Extensive uranium extraction took place from 1946 until 1990 at the former Wismut mining company in East Germany. A total of 58,987 male former employees of this company form the largest single uranium miners cohort that has been followed up for causes of mortality occurring from the beginning of 1946 to the end of 2003. The purpose of this study was to investigate and evaluate different forms of models for the radon exposure-related lung cancer mortality risk based on 3,016 lung cancer deaths and 2 million person years. Other exposure covariables such as occupational exposure to external gamma radiation, long-lived radionuclides, arsenic, fine dust and silica dust are available. The standardized mortality ratio for lung cancer is 2.03 (95% CI: 1.96; 2.10). The simple cohort excess relative risk (ERR/WLM) for lung cancer is estimated as 0.0019 (95% CI: 0.0016; 0.0022). The BEIR VI model produced risks similar to those obtained with a selected mathematically continuous ERR model for lung cancer. The continuous model is linear in radon exposure with exponential effect modifiers that depend on the whole range of age at median exposure, time since median exposure, and radon exposure rate. In this model the central estimate of ERR/WLM is 0.0054 (95% CI: 0.0040; 0.0068) for an age at median exposure of 30 years, a time since median exposure of 20 years, and a mean exposure rate of 3 WL. The ERR decreases by 5% for each unit of exposure-rate increase. The ERR decreases by 28% with each decade increase in age at median exposure and also decreases by 51% with each decade increase in time since median exposure.

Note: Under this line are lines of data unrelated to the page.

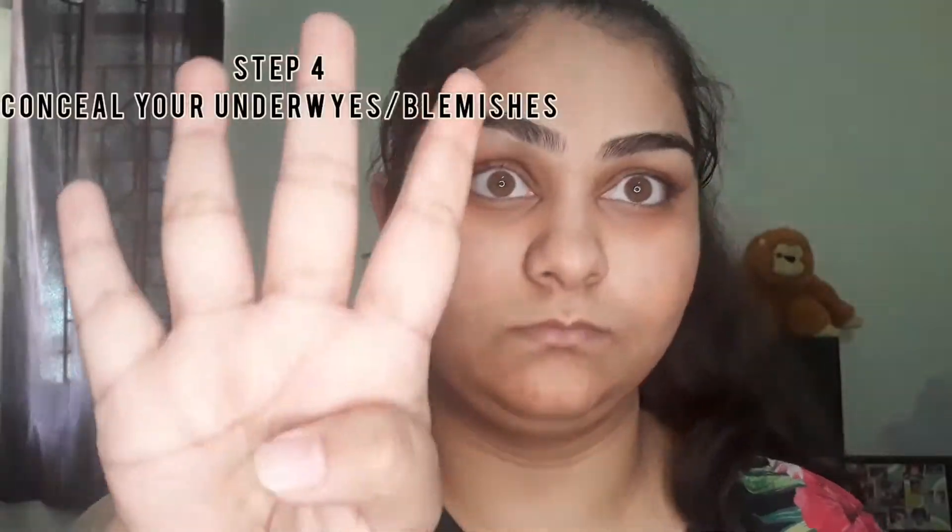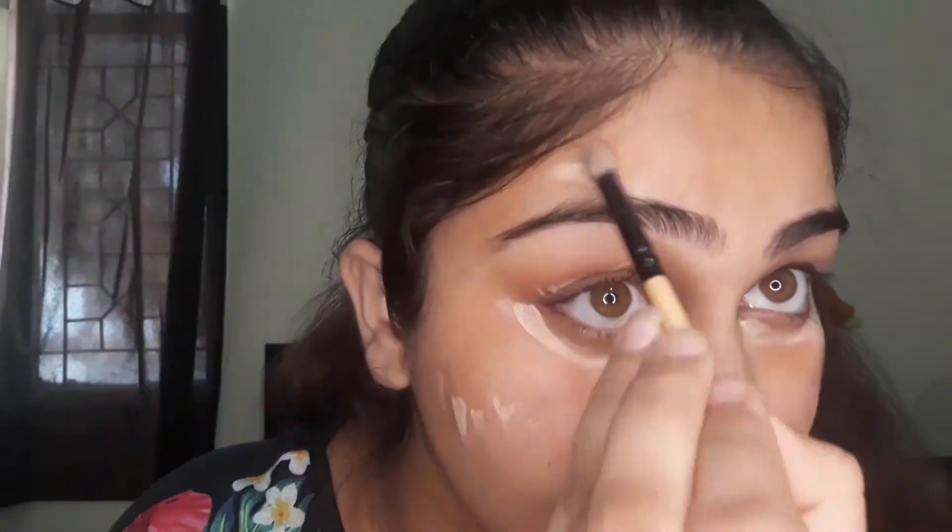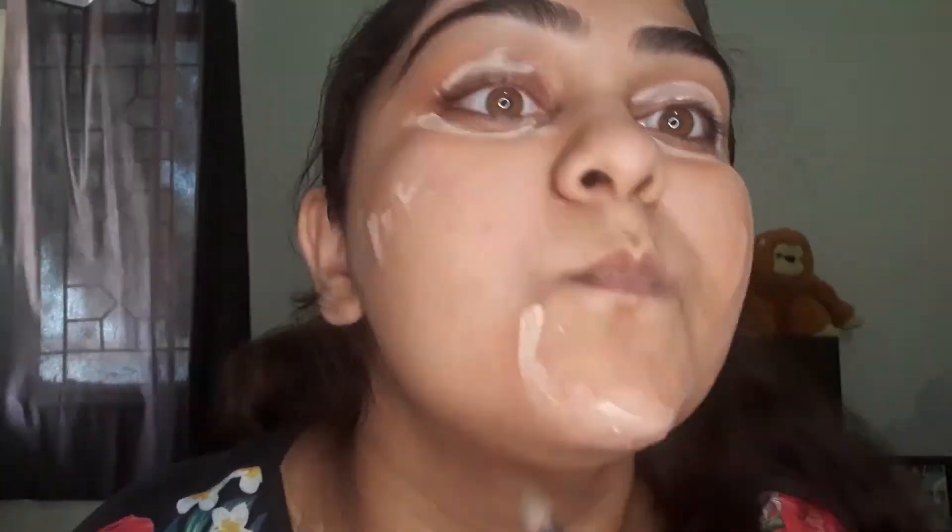I am also using it under my eyes as it will give better coverage for my concealer. I know right now it's looking horrible but believe me the end product will be perfect. The fourth step is to conceal your under eye and acne spots. I am using the same palette to conceal, using two different shades out of the seven concealer shades it has. I am using the eye applicator brush to spread the concealer, then a brush or beauty blender to blend it in.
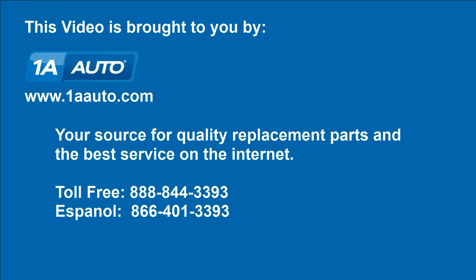Brought to you by 1AAuto.com, your source for quality replacement parts and the best service on the Internet. Hi, I'm Mike from 1A Auto. I hope this how-to video helps you out. Next time you need parts for your vehicle, think of 1AAuto.com. Thanks.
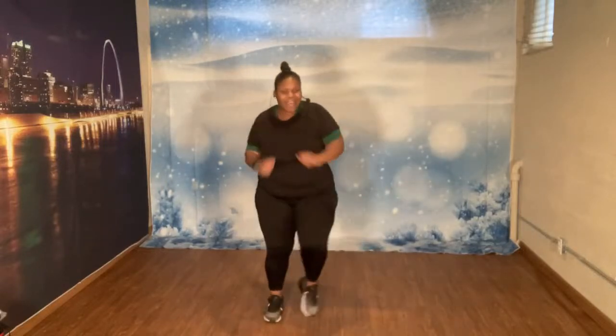8 more. 8, 7, 6, 5, 4, 3, 2. Let's march. And march. March. Arms up. Take them out. 1, 2, 3, 4, 5, 6, 7.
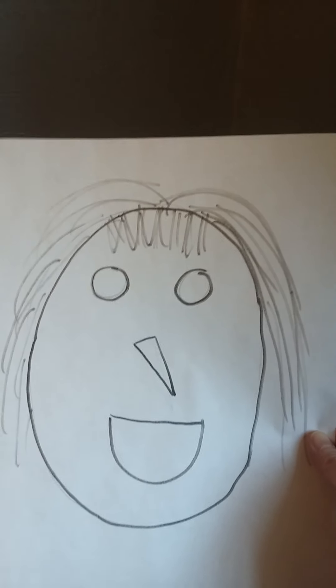I wanted to show you something. If you had a chance to watch the video I made about a month ago where I read the story, The Little Old Lady Who Swallowed a Fly, some of you said, hey, I want my own little old lady puppet.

The method of determination of radon exposure (i.e., whether the exposures were estimated or measured) did not play an important role in the determination of the ERR. The other exposure covariables were found to have only minor confounding influences on the ERR/WLM for the finally selected continuous model when included in an additive way.

Accounting for smoking in the radon-related lung cancer risk among German uranium miners: results of a nested case-control study.

The possible confounding effect of smoking on radon-associated risk for lung cancer mortality was investigated in a case-control study nested in the cohort of German uranium miners. The study included 704 miners who died of lung cancer and 1,398 controls matched individually for birth year and attained age. Smoking status was reconstructed from questionnaires and records from the mining company's health archives for 421 cases and 620 controls. Data on radon exposure were taken from a job-exposure matrix. Smoking adjusted odds ratios for lung cancer in relation to cumulative radon exposure have been calculated with conditional logistic regression. The increase in risk per Working Level Month (WLM) was assessed with a linear excess relative risk (ERR) model taking smoking into account as a multiplicative factor. In addition, the potential impact of temporal factors on the ERR per WLM was examined. Lung cancer mortality risk increased with increasing radon exposure, yielding a crude ERR per WLM of 0.25% (95% CI: 0.13-0.46%). Adjustment for smoking led only to marginal changes of the radon-associated lung cancer risks. The adjusted ERR per WLM was very similar (0.23%, 95%-CI: 0.11-0.46%) to the crude risk and to the risk found in the Wismut cohort study. This stability of the radon-related lung cancer risks with and without adjustment for smoking suggests that smoking does not act as a major confounder in this study and presumably also not in the cohort study.